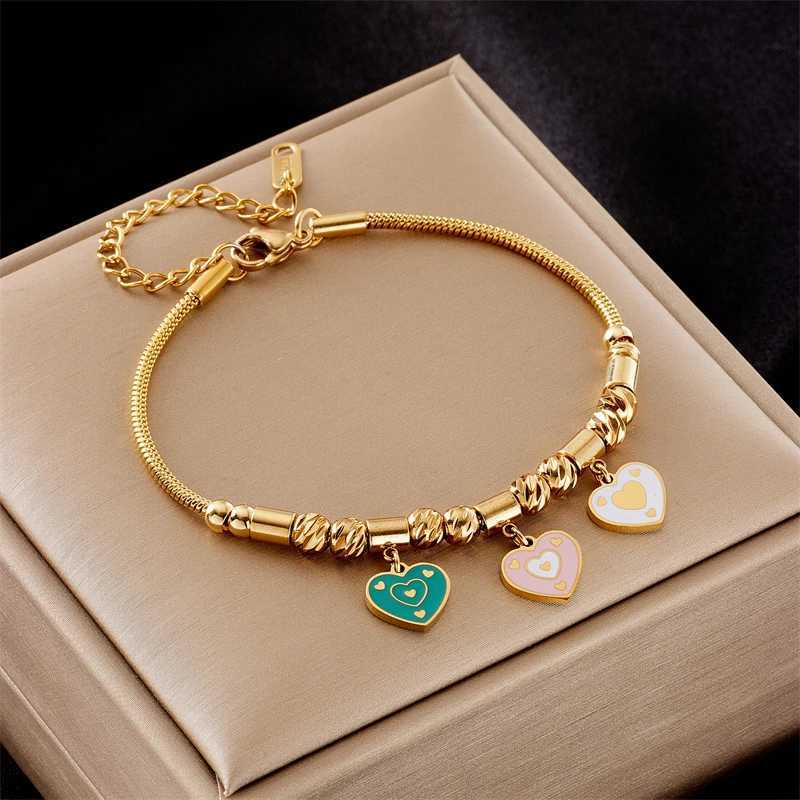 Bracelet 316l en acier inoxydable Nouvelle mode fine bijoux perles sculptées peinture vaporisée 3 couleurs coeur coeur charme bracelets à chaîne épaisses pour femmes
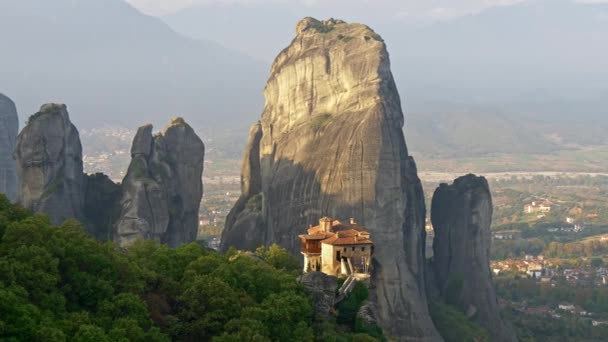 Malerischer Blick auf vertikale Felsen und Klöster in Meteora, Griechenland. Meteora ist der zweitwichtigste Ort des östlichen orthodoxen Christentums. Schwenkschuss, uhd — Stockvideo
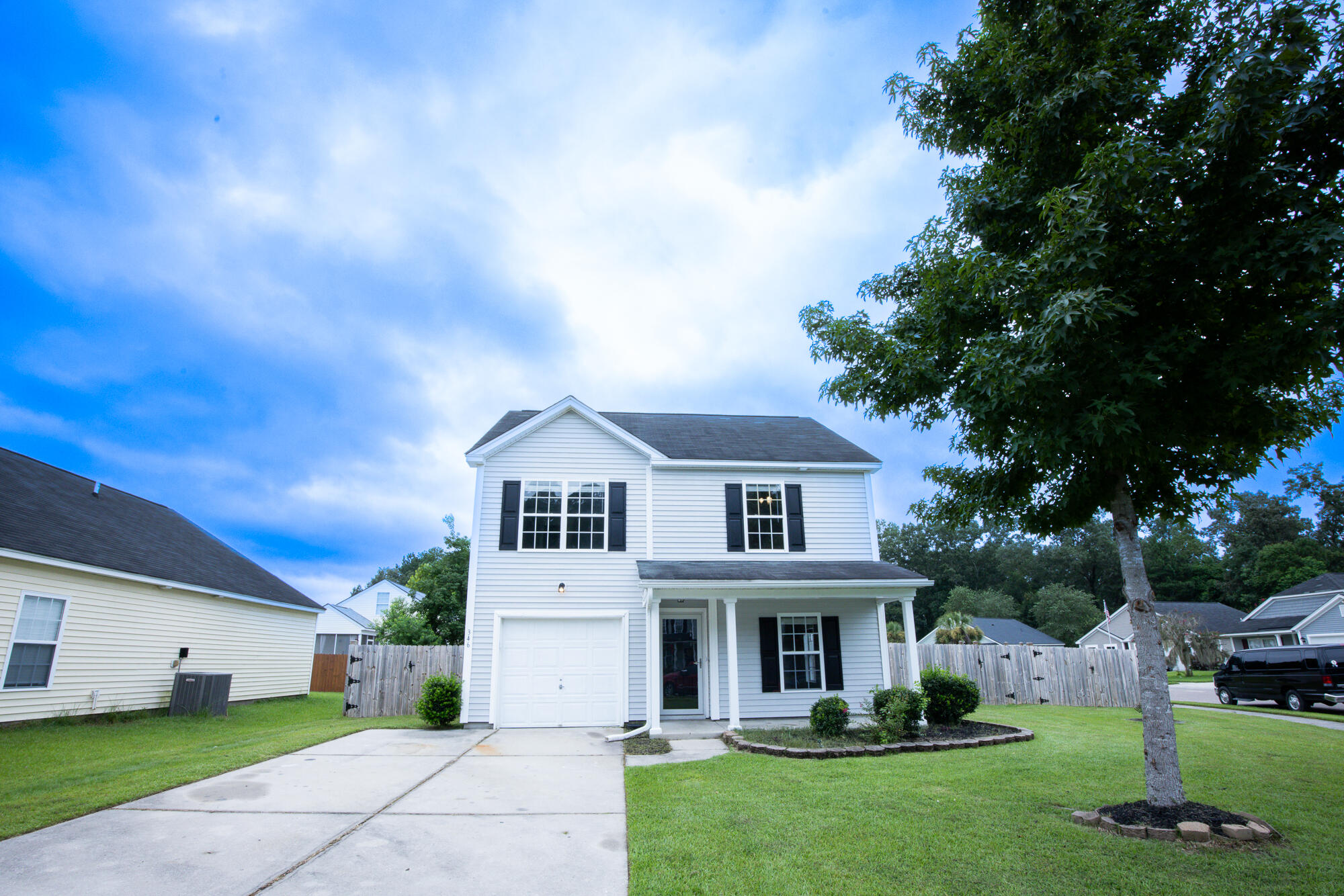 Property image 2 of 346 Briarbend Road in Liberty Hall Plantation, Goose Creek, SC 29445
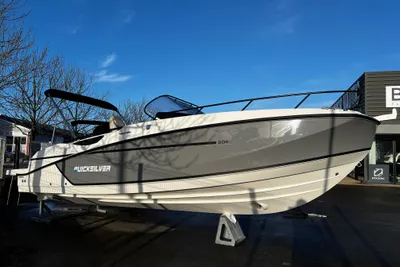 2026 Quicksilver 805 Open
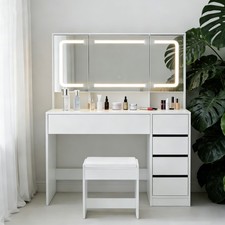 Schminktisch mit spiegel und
================================
__DIRECTIONS__. Starting with the first line of the records above and stopping after the line containing "Malerischer Blick auf", repeat every line exactly and leave out the pictures.

__PROBLEM SOLUTION__.
 Bracelet 316l en acier inoxydable Nouvelle mode fine bijoux perles sculptées peinture vaporisée 3 couleurs coeur coeur charme bracelets à chaîne épaisses pour femmes
 Malerischer Blick auf vertikale Felsen und Klöster in Meteora, Griechenland. Meteora ist der zweitwichtigste Ort des östlichen orthodoxen Christentums. Schwenkschuss, uhd — Stockvideo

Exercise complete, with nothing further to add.